Word for word, set down the lines from the one that contains "The other major" through the final line of the data; no pictures belong in the copy.

Stored items:
+++++
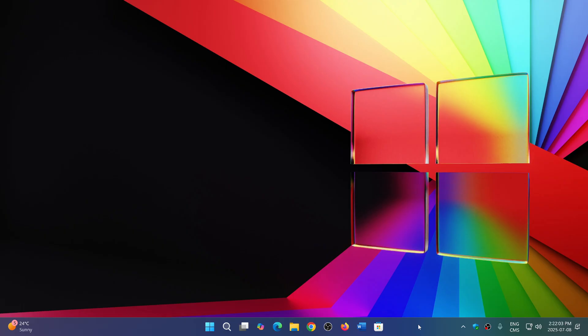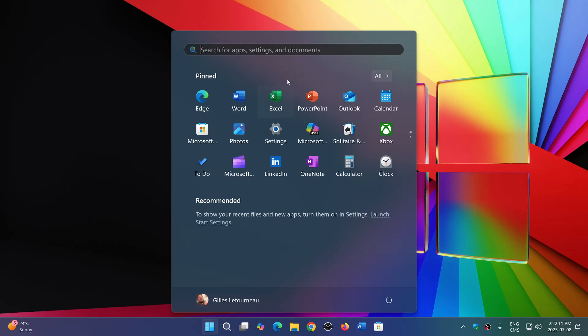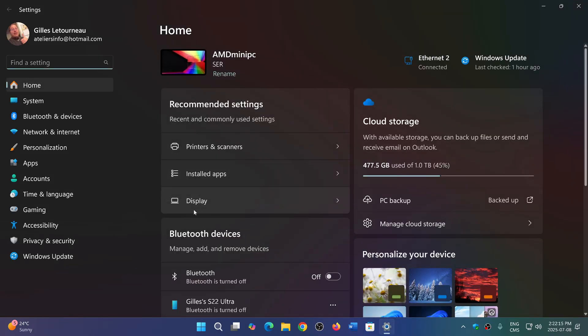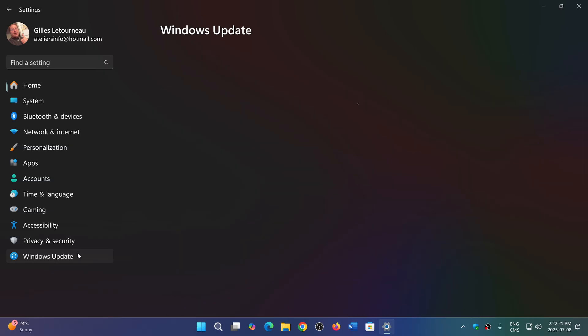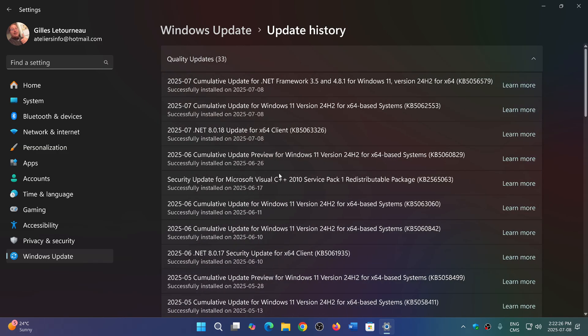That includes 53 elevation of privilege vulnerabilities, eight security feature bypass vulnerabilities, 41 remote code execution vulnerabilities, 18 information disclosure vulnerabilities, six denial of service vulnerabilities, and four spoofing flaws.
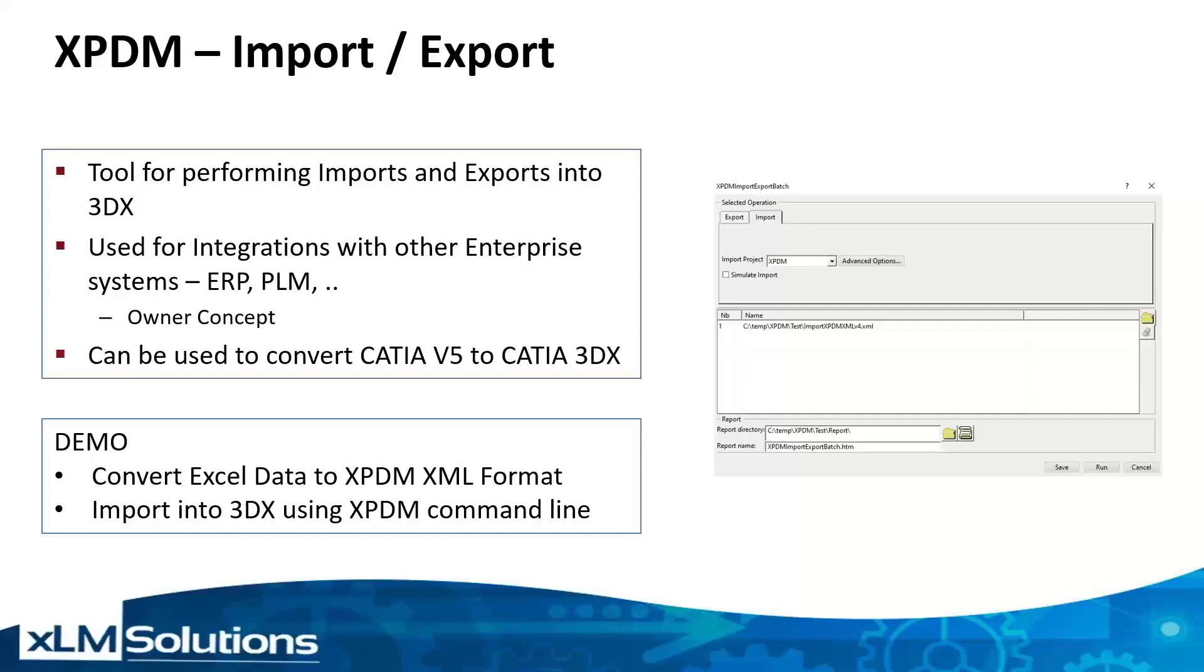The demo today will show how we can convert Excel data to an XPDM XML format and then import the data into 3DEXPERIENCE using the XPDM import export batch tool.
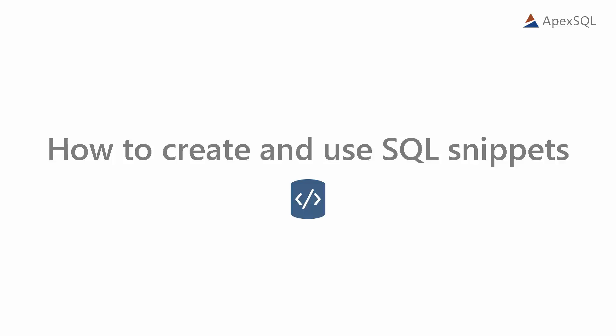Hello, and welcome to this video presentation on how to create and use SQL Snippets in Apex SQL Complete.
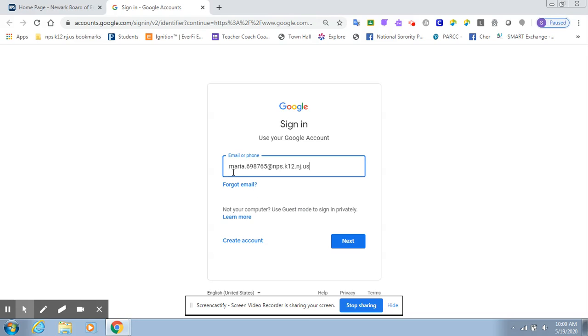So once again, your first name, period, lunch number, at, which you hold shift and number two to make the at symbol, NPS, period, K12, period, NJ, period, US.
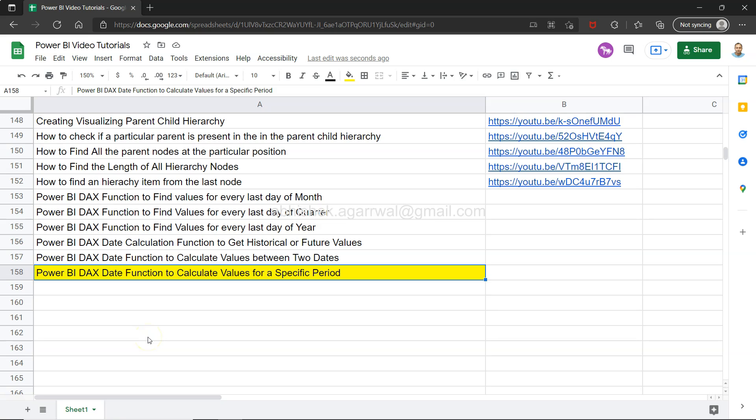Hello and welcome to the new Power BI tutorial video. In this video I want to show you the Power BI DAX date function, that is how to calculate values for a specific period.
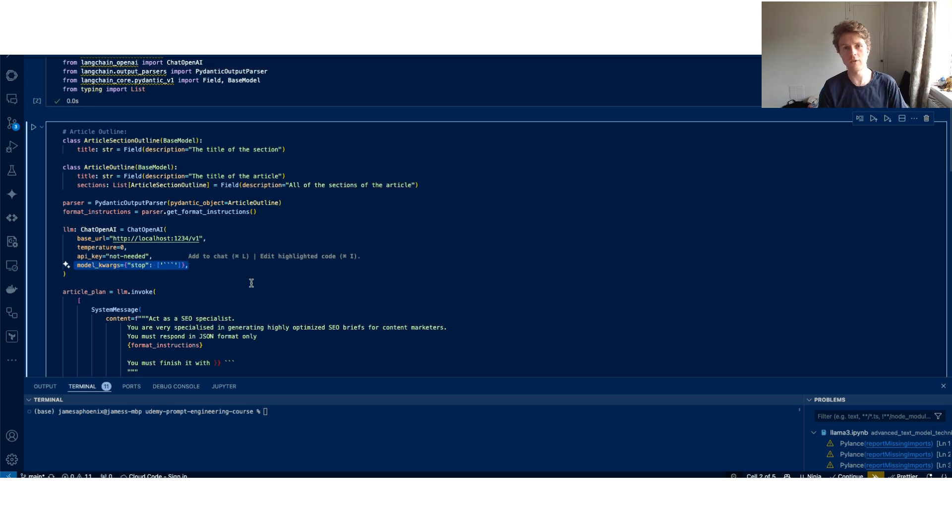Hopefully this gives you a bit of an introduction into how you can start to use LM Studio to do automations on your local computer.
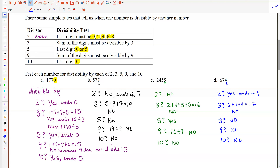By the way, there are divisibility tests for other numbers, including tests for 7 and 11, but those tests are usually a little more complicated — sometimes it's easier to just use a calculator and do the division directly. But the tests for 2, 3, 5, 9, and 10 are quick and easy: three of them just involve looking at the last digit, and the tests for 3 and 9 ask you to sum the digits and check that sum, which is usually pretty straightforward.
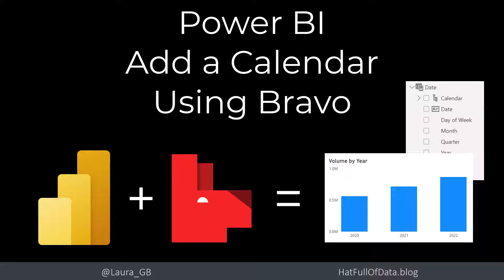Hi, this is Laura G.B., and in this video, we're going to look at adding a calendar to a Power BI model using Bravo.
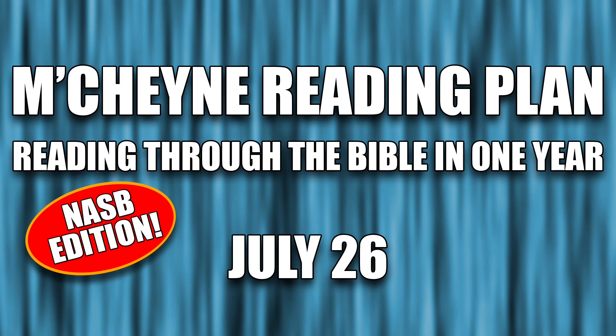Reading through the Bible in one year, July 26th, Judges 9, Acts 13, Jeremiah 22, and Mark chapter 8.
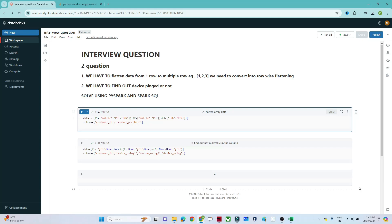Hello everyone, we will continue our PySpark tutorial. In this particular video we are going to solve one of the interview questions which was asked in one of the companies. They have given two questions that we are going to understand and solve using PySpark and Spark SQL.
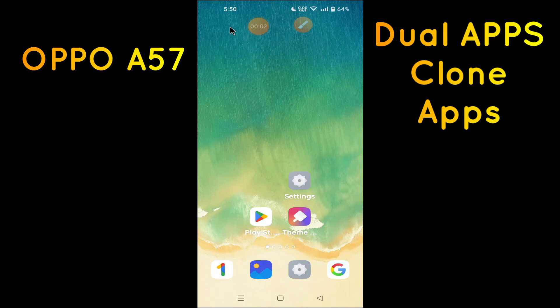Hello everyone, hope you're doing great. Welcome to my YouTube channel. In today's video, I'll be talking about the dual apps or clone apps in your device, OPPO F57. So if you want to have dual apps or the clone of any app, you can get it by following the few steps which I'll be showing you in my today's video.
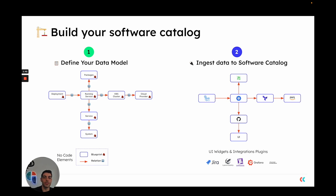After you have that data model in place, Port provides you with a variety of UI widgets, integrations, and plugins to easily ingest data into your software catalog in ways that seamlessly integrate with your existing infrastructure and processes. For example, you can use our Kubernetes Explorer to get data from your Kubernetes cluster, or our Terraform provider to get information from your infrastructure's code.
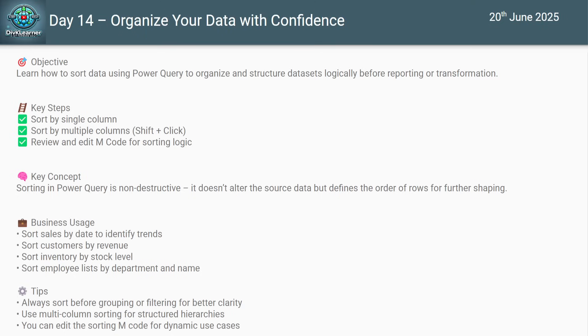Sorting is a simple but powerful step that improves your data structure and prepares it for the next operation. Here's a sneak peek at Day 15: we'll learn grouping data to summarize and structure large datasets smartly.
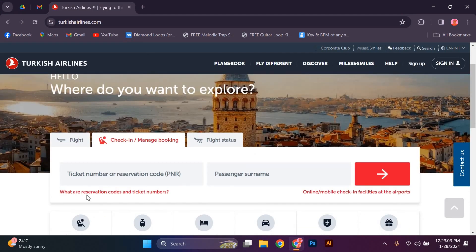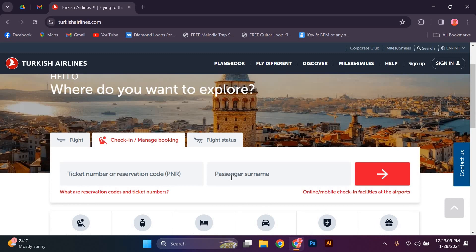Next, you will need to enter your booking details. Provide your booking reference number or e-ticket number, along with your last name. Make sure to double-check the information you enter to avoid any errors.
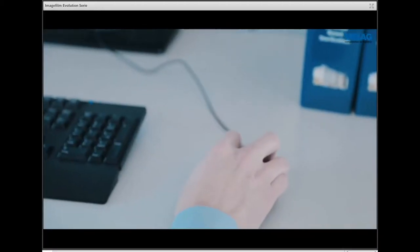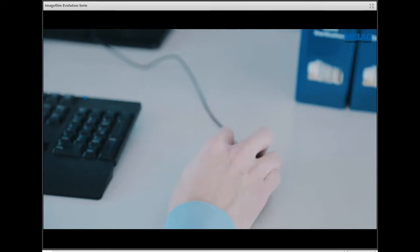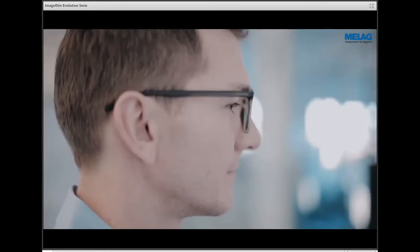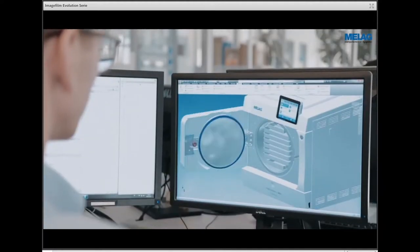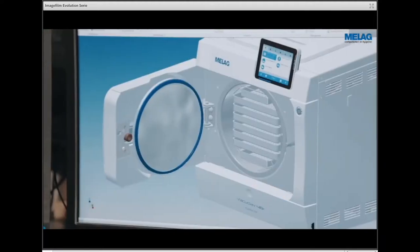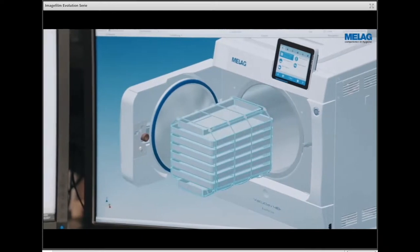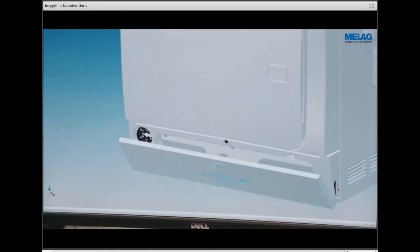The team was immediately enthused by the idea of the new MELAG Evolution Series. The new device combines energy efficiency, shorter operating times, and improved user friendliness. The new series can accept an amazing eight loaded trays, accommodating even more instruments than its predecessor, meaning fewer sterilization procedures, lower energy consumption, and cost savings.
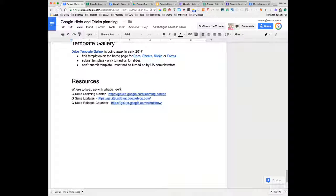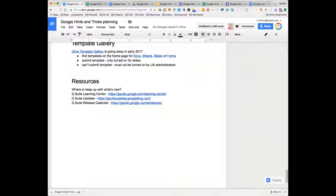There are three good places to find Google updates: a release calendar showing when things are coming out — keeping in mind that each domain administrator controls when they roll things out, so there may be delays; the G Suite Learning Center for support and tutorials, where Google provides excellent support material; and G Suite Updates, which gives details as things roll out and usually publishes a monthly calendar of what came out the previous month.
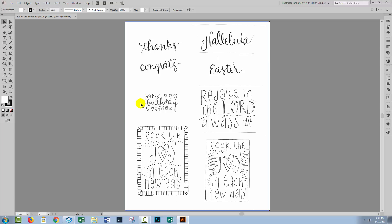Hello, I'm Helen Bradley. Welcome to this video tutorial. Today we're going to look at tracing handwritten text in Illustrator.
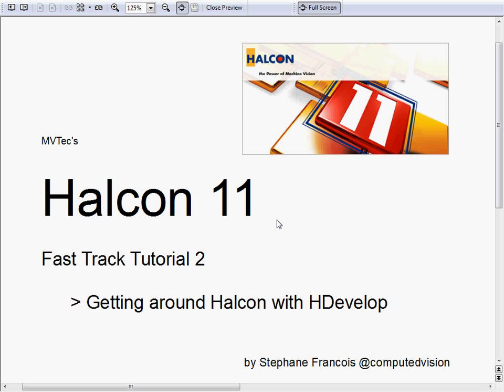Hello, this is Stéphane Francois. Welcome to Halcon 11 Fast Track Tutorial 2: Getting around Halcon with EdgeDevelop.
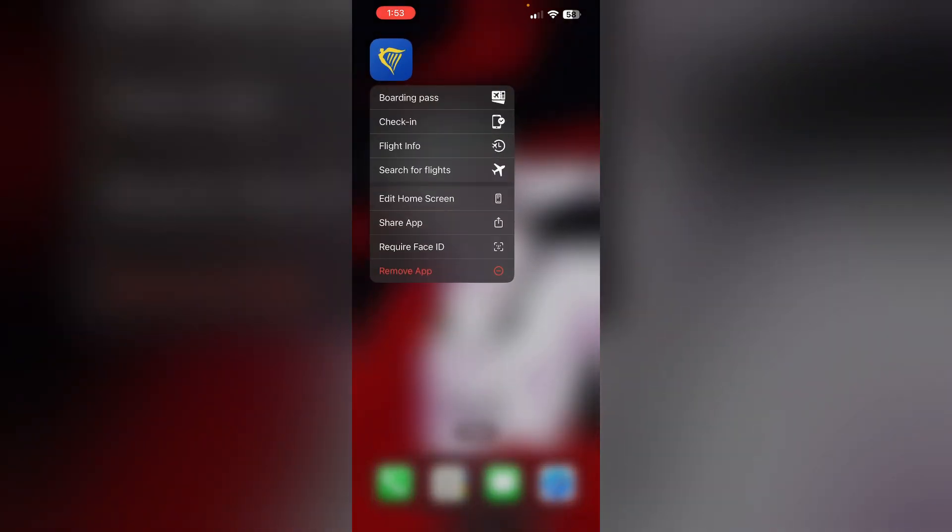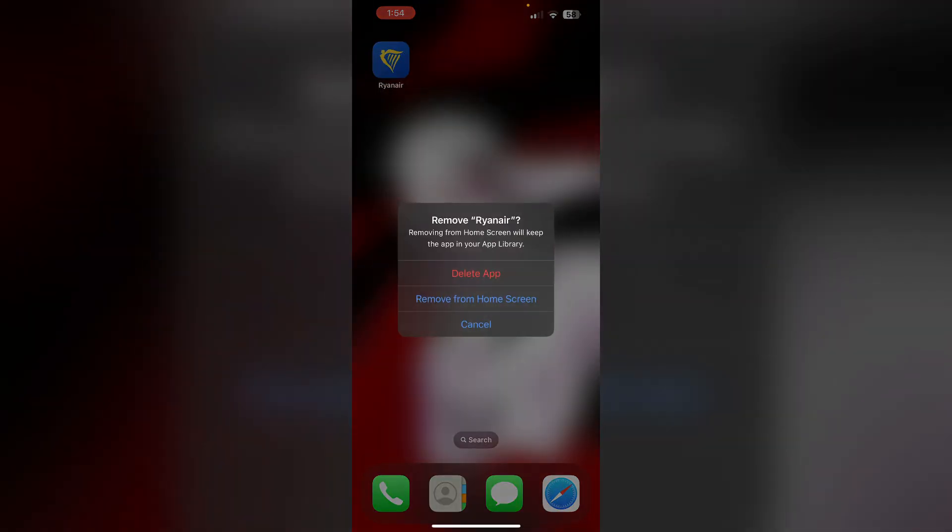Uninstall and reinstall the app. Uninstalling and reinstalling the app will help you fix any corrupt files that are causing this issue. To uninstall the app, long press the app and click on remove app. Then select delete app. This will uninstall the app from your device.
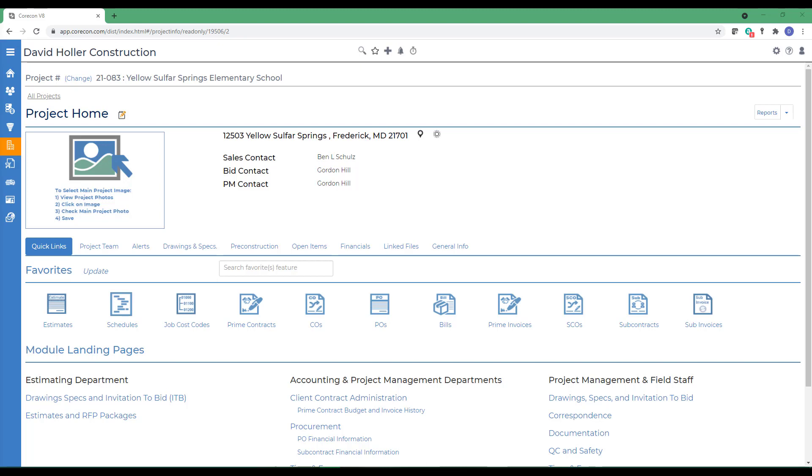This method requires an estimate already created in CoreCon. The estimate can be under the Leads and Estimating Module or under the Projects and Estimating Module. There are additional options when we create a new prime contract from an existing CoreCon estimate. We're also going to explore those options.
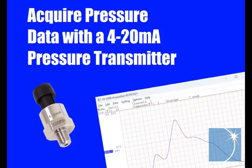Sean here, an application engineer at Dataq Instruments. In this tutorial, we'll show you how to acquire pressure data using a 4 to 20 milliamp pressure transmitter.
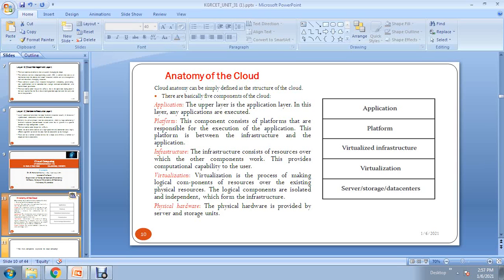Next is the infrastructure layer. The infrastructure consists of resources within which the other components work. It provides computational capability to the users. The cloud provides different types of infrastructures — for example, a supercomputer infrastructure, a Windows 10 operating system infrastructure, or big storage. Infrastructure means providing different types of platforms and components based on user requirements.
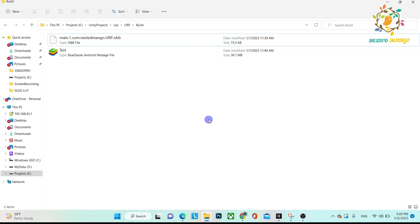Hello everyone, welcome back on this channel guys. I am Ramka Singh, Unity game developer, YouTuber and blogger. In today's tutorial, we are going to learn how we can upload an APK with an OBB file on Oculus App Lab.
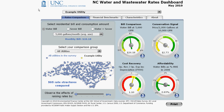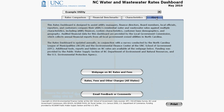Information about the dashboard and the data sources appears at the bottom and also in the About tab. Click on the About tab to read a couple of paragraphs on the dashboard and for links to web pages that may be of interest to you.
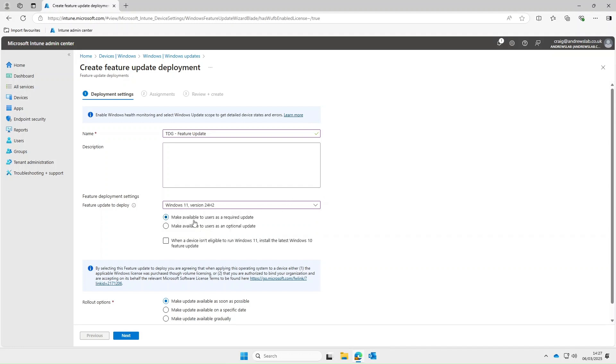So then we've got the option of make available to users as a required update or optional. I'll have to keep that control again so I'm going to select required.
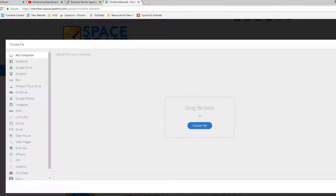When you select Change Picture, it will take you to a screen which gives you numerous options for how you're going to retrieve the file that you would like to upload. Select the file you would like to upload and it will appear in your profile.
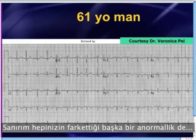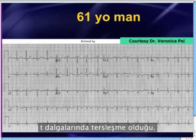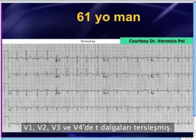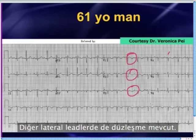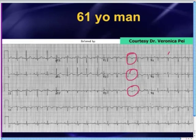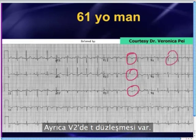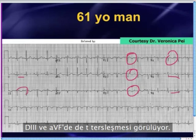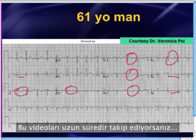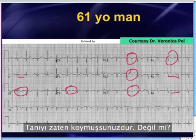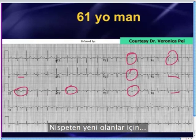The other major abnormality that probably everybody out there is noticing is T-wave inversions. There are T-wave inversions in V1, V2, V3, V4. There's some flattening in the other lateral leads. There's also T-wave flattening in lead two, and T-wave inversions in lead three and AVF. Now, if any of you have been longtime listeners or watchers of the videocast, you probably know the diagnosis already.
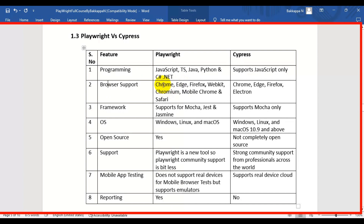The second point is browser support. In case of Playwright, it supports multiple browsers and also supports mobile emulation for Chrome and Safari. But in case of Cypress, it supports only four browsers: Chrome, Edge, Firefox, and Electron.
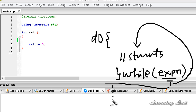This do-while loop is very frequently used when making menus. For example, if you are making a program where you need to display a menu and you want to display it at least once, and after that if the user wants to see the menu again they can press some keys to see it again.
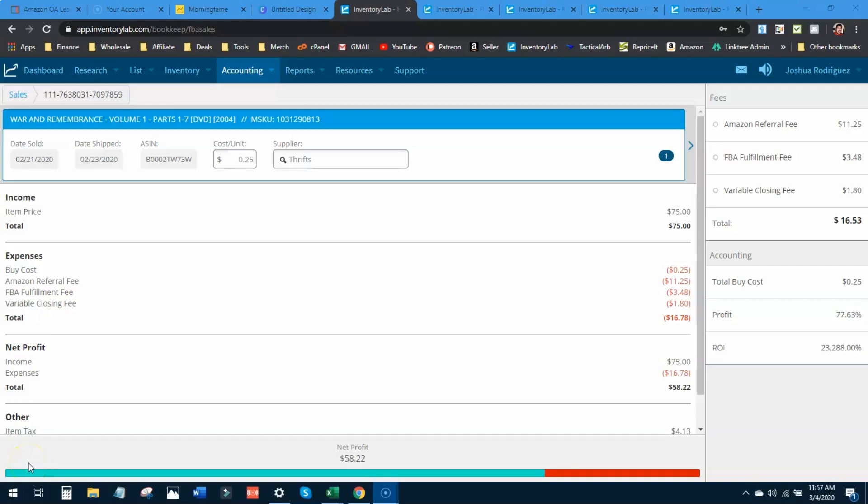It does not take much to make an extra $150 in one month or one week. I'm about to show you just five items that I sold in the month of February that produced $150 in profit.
+++++
- **Answer to the exercise**
The other major abnormality that probably everybody out there is noticing is T-wave inversions. There are T-wave inversions in V1, V2, V3, V4. There's some flattening in the other lateral leads. There's also T-wave flattening in lead two, and T-wave inversions in lead three and AVF. Now, if any of you have been longtime listeners or watchers of the videocast, you probably know the diagnosis already.
The second point is browser support. In case of Playwright, it supports multiple browsers and also supports mobile emulation for Chrome and Safari. But in case of Cypress, it supports only four browsers: Chrome, Edge, Firefox, and Electron.
This do-while loop is very frequently used when making menus. For example, if you are making a program where you need to display a menu and you want to display it at least once, and after that if the user wants to see the menu again they can press some keys to see it again.
It does not take much to make an extra $150 in one month or one week. I'm about to show you just five items that I sold in the month of February that produced $150 in profit.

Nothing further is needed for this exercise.